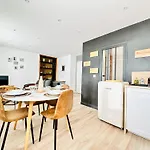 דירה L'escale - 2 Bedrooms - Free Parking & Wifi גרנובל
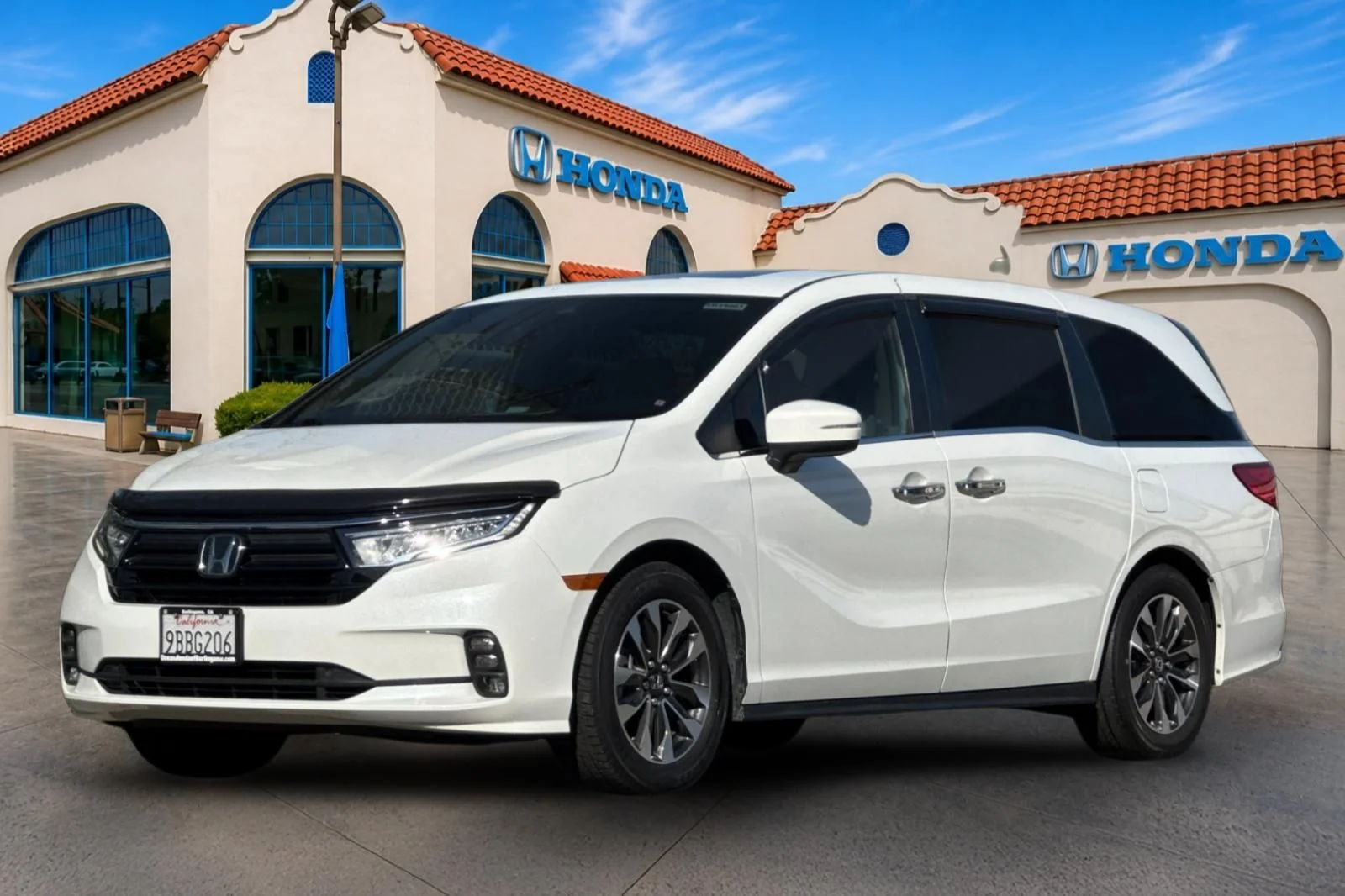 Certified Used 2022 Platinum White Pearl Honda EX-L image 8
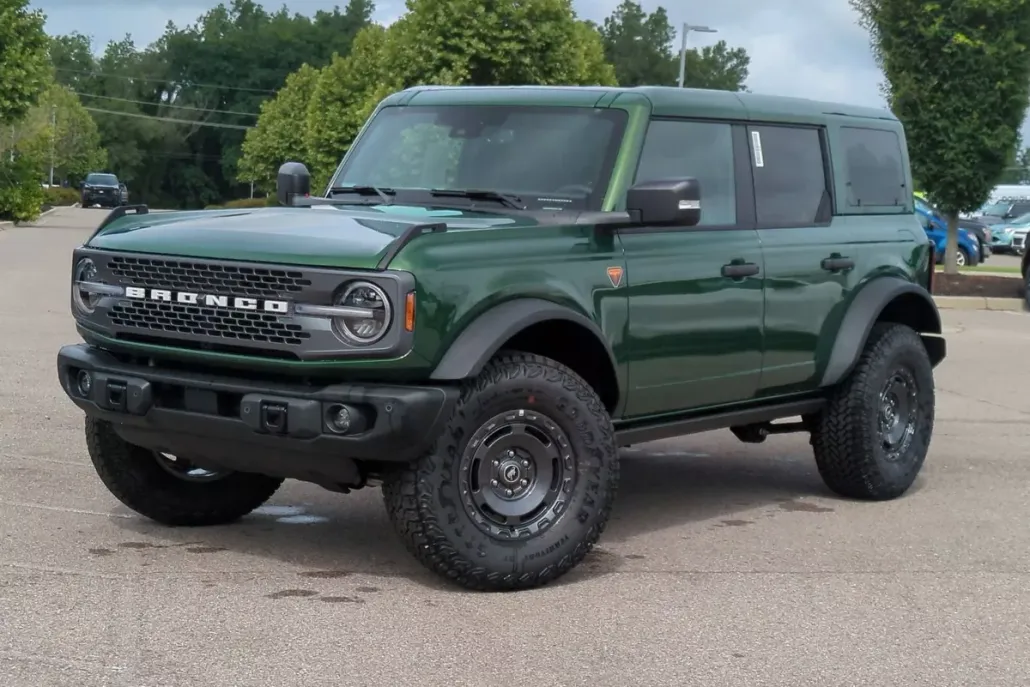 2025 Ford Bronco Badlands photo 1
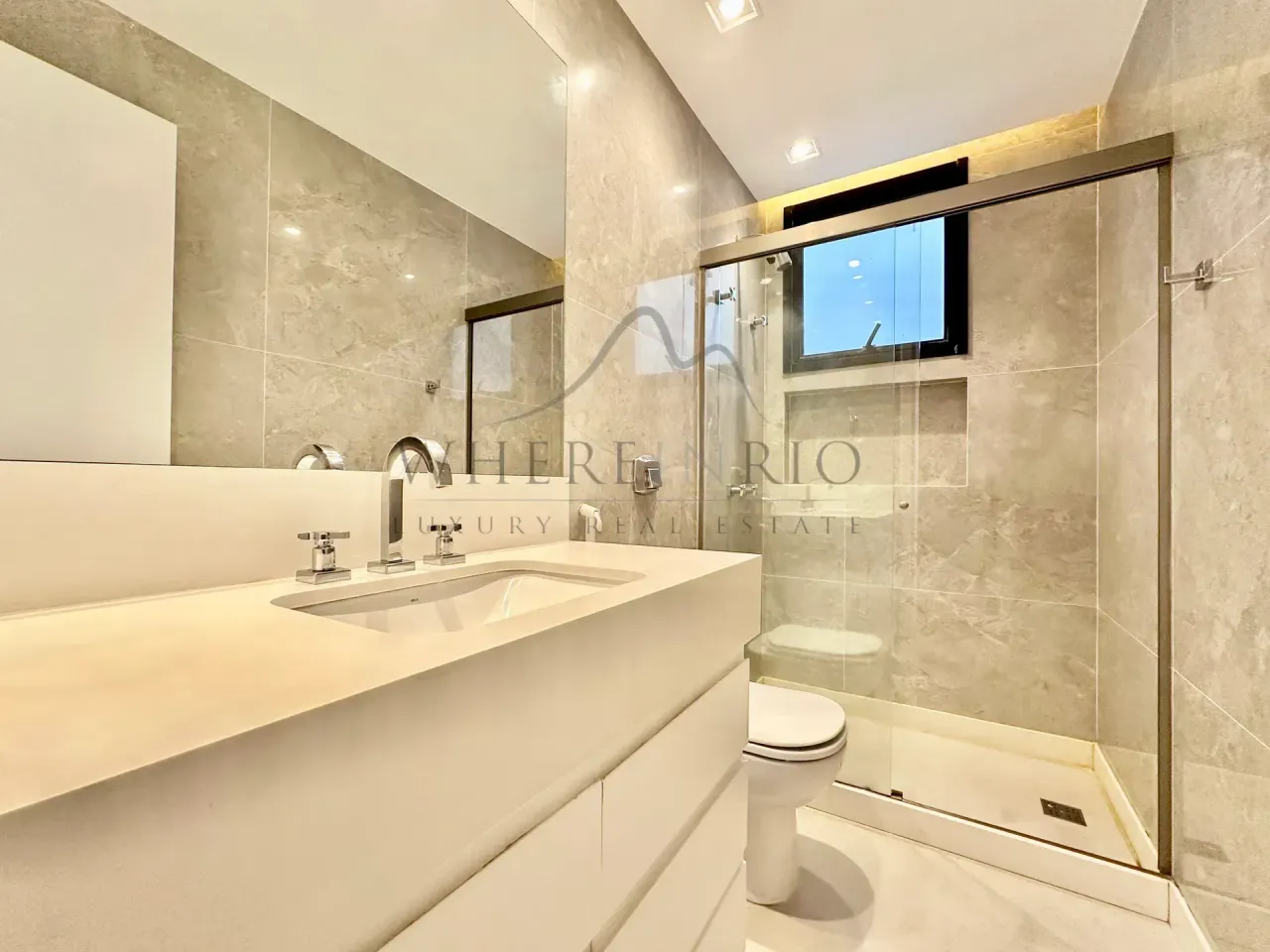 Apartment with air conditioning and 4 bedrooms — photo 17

_ _ _

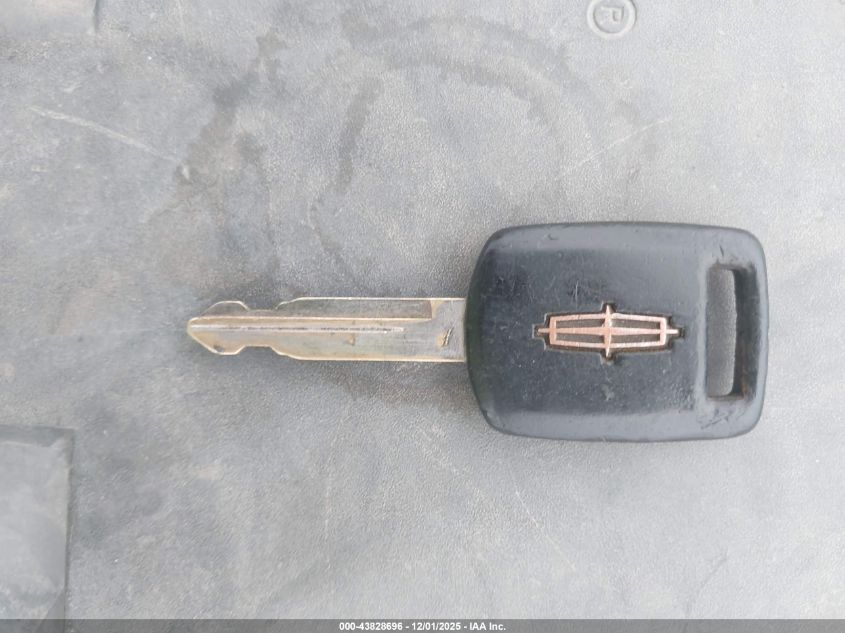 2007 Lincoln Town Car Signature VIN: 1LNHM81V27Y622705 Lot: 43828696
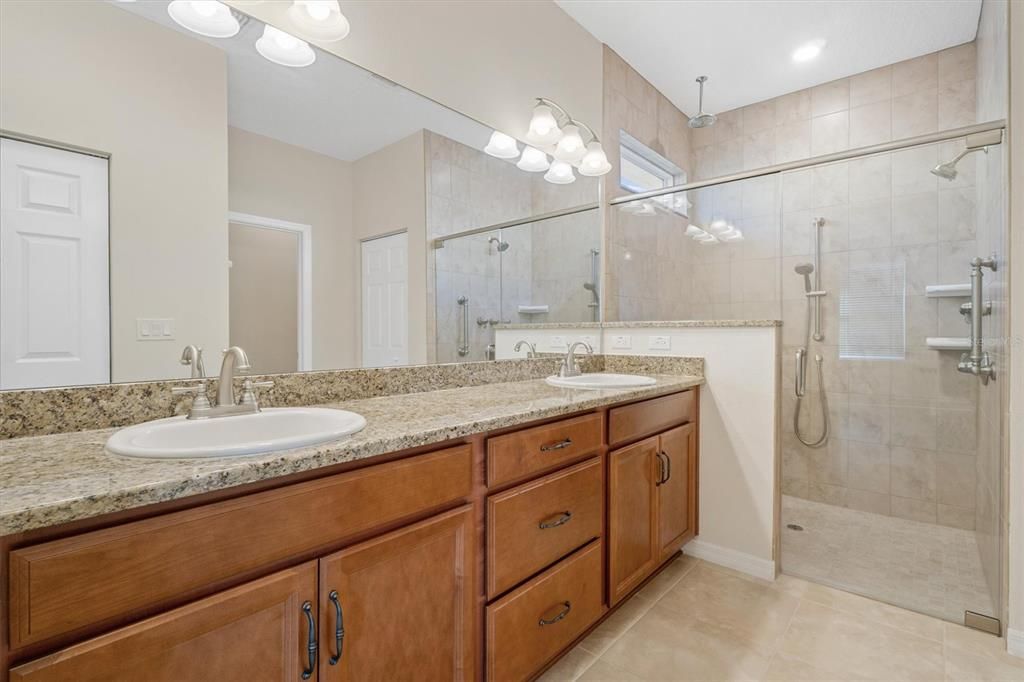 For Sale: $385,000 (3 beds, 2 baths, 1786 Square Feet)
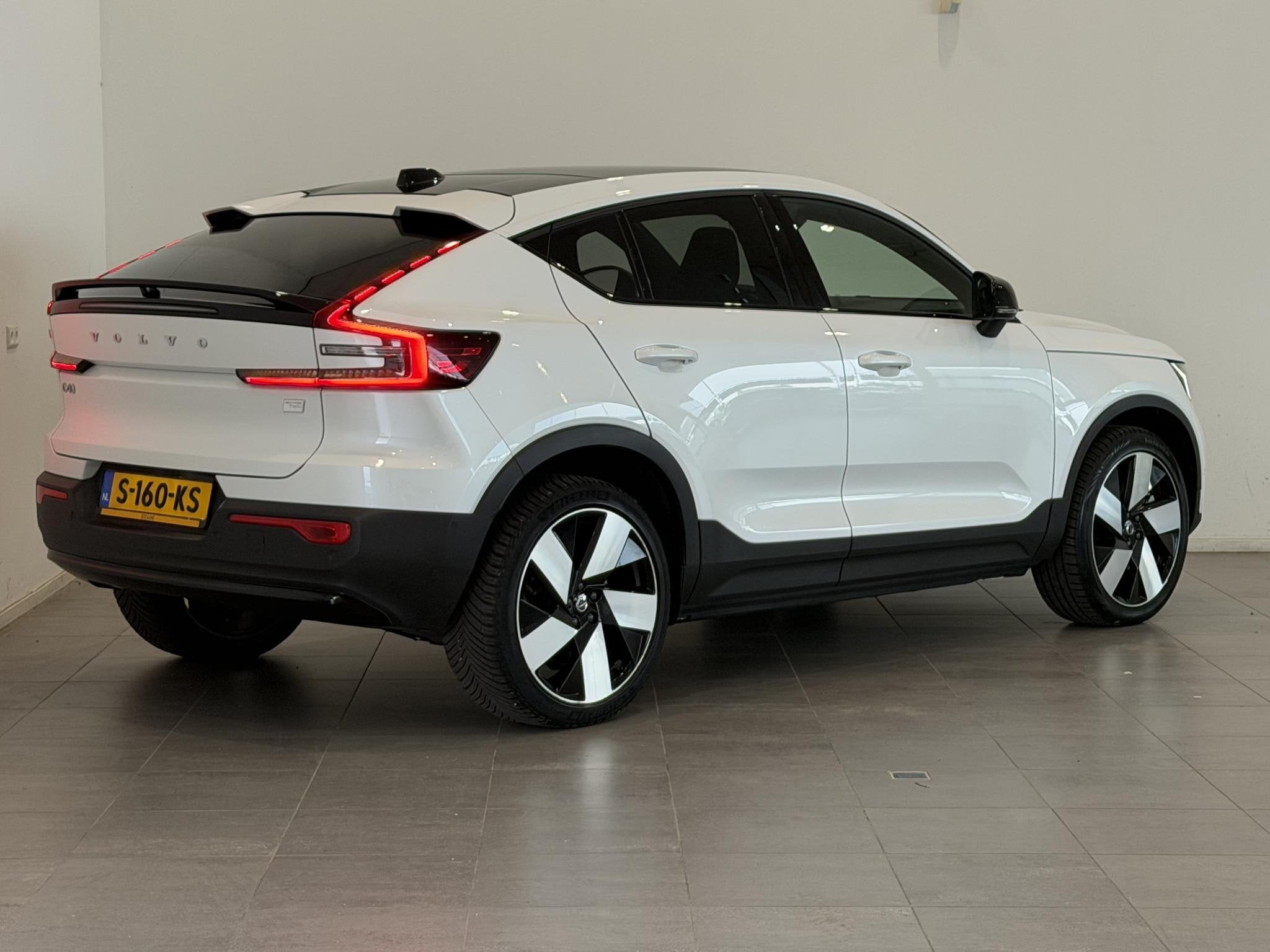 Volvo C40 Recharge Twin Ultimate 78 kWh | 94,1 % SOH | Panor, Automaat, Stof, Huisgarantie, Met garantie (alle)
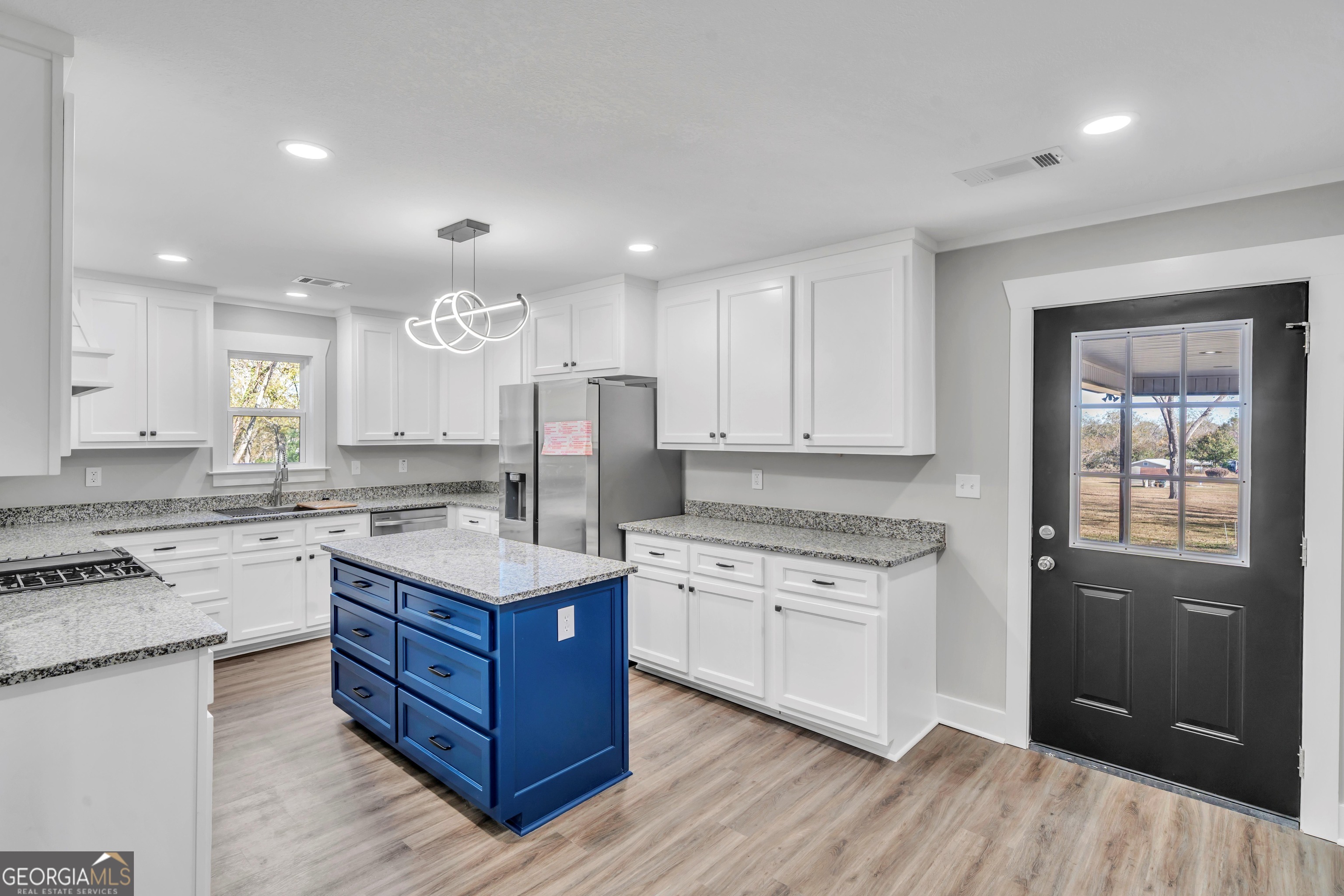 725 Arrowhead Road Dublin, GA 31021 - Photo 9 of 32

_ _ _

• _What this task involves_
Among the entries above, take the lines from the one with "Volvo C40 Recharge" through the one with "725 Arrowhead Road" and retype them exactly, leaving out the pictures.

• _Task solution_
 Volvo C40 Recharge Twin Ultimate 78 kWh | 94,1 % SOH | Panor, Automaat, Stof, Huisgarantie, Met garantie (alle)
 725 Arrowhead Road Dublin, GA 31021 - Photo 9 of 32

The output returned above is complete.